時速180キロの初速度だと、3.8m先の巻き藁では、狙いより2.8cm下に矢が刺さります。
これは、空気抵抗には多少の問題はありますが、重力による落下を考慮した値です。

普段、的の中心に矢が中る為には、テッポウ魚の的付けで、相対的に的のやや上を狙っています。
そのやや上という重力を考慮した微妙な狙いを調整しているのが、テッポウ魚と同じ小脳の自動計算です。

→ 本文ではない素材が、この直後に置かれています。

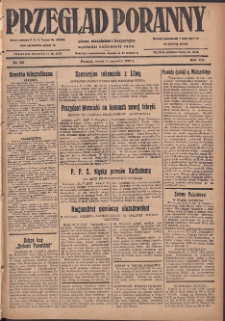 Przegląd Poranny: pismo niezależne i bezpartyjne 1927.06.01 R.7 Nr123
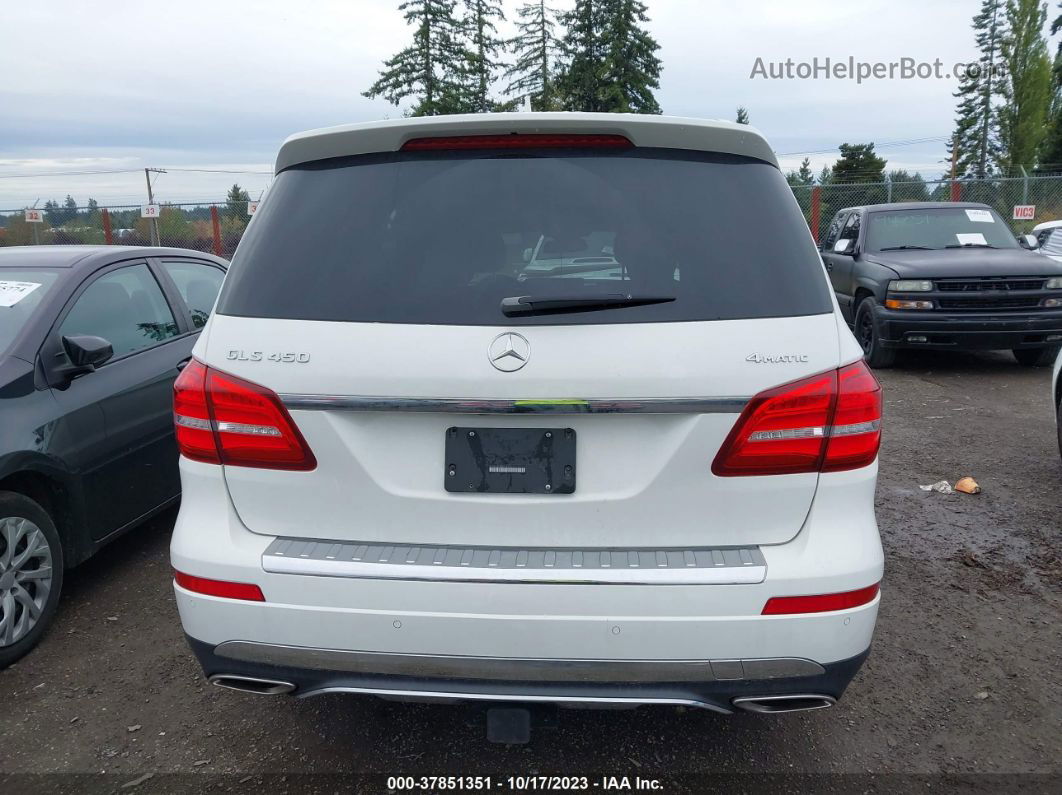 2019 Mercedes-benz Gls Gls 450 White vin: 4JGDF6EE9KB236320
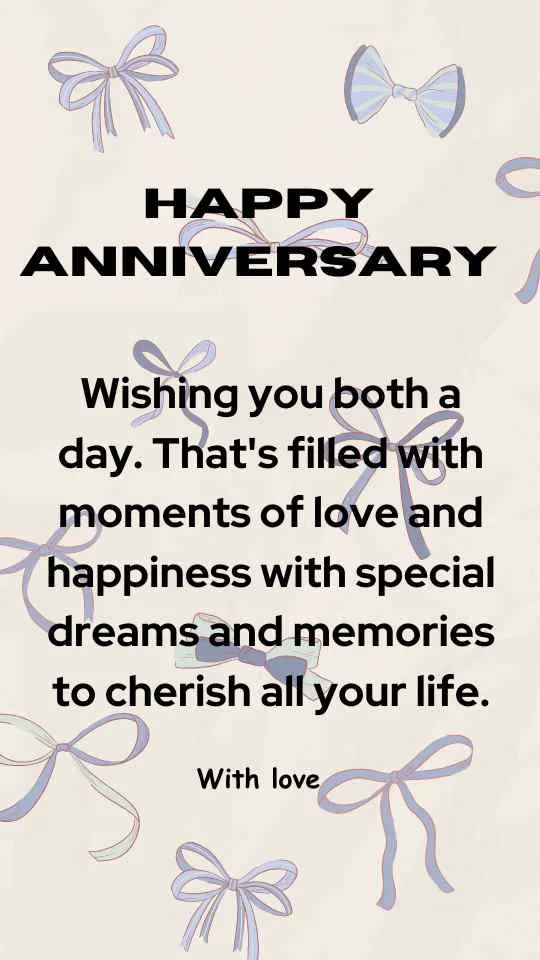 anniversary wishes for couple in english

昨夜は、重力を考慮せず、的の中心に狙いを付けた射を数本やってみました。
距離は、3.8mで7・8本でしょうか。
それらがちょうど的の中心から、下へ2.8cmのところに刺さりました。

まあ、不言流の射の精度にも拠りますが、ほぼ同じ穴に刺さり続けた経緯を考えれば、14キロの弓で時速180前後の初速度が出ていたことになります。
ちなみに、初速度が140キロの場合は、5.7cm下がります。
この場合、初速度が40キロ減少すると、矢所の落ち具合は2倍以上ですね。

こうしたことを総合的に考えると、初速度180キロは、まずまずの値だと、思います。
以前は、16キロの弓でしたが、握りの所を好き放題に削りましたから、こんなものでしょう。
矢の重さに負けず加速しているという感覚が在るので、今の弓力でも十分です。
それに、和帽子で親指が痛くなりませんし、強い弓ほど矢筋を狂わす幅も広がりますから・・・。

ただし、的前に立った時、矢筋を水平にして射ると、この初速度では地面と安土の境目辺りに飛んでいきます。
それで、水平より矢摺籐の狙いで7・8ミリ上に射なければなりません。
こういったことを考慮すると、やっぱり初速度が200キロくらいになる弓が好いと思います。

ただ、殆どの射手は、上鉾の戻りのせいで矢が浮き上がって射出されるので、このケースには該当しません。

それなりに条件をそろえて実験すると、特別な器具を使うことなく凡その数値を色々と把握することが出来ます。